ASSIGNMENT - Write out exactly the lines below that run from the one containing "Snapshot of cleose" through the one containing "Photo 45 of", both included, with no other lines.

PROVIDED ENTRIES: Begin

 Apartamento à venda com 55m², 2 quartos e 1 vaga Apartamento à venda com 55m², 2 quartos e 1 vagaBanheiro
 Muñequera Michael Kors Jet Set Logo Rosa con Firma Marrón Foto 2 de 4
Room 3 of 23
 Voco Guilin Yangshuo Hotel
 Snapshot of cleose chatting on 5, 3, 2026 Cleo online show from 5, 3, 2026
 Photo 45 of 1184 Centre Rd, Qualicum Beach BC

PROVIDED ENTRIES: End
PROVIDED ENTRIES: Begin

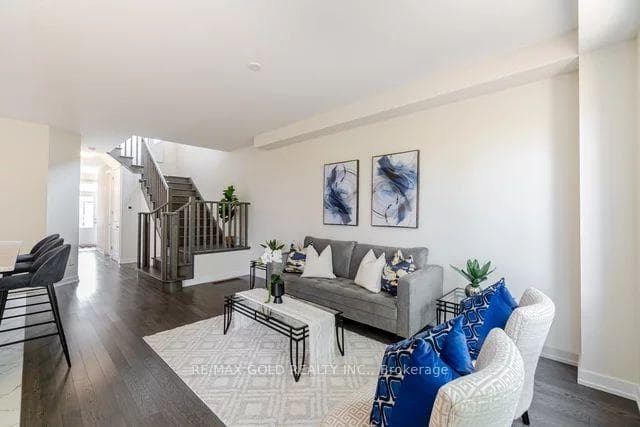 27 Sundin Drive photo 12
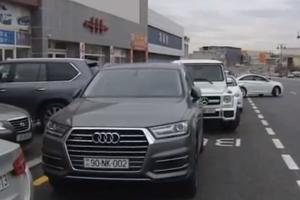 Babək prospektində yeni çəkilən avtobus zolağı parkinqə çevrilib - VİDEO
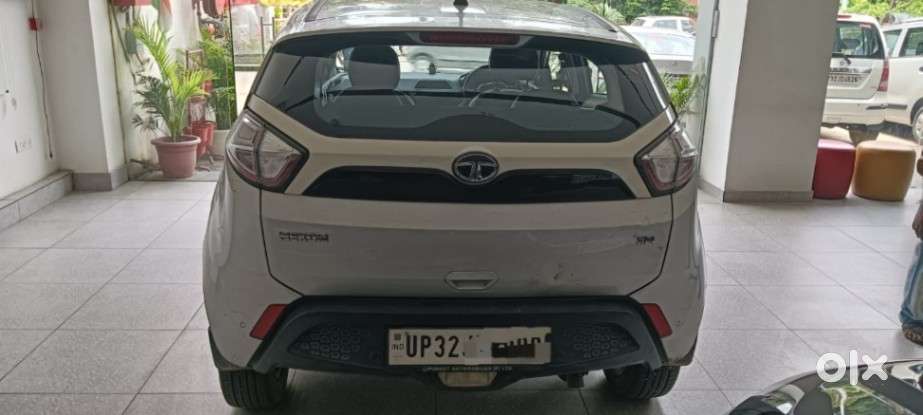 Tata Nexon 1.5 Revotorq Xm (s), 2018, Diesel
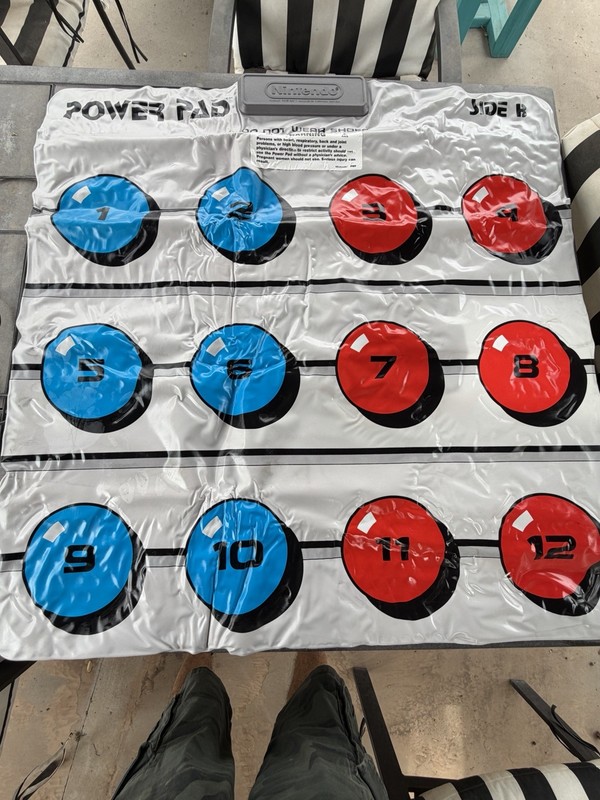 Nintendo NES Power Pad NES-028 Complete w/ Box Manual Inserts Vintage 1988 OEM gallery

PROVIDED ENTRIES: End

EXERCISE RESPONSE -
 Snapshot of cleose chatting on 5, 3, 2026 Cleo online show from 5, 3, 2026
 Photo 45 of 1184 Centre Rd, Qualicum Beach BC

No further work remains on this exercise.